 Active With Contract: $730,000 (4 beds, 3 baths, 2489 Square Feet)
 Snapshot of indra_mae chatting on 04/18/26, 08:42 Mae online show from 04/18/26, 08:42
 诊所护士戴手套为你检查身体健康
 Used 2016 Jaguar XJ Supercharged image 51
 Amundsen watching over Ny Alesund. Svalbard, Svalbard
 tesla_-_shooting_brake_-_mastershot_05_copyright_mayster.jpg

══════════

* [What to produce]: Start at the line holding "Amundsen watching over" and retype each line through the end of the material above, both included.

* [Solved problem]:
 Amundsen watching over Ny Alesund. Svalbard, Svalbard
 tesla_-_shooting_brake_-_mastershot_05_copyright_mayster.jpg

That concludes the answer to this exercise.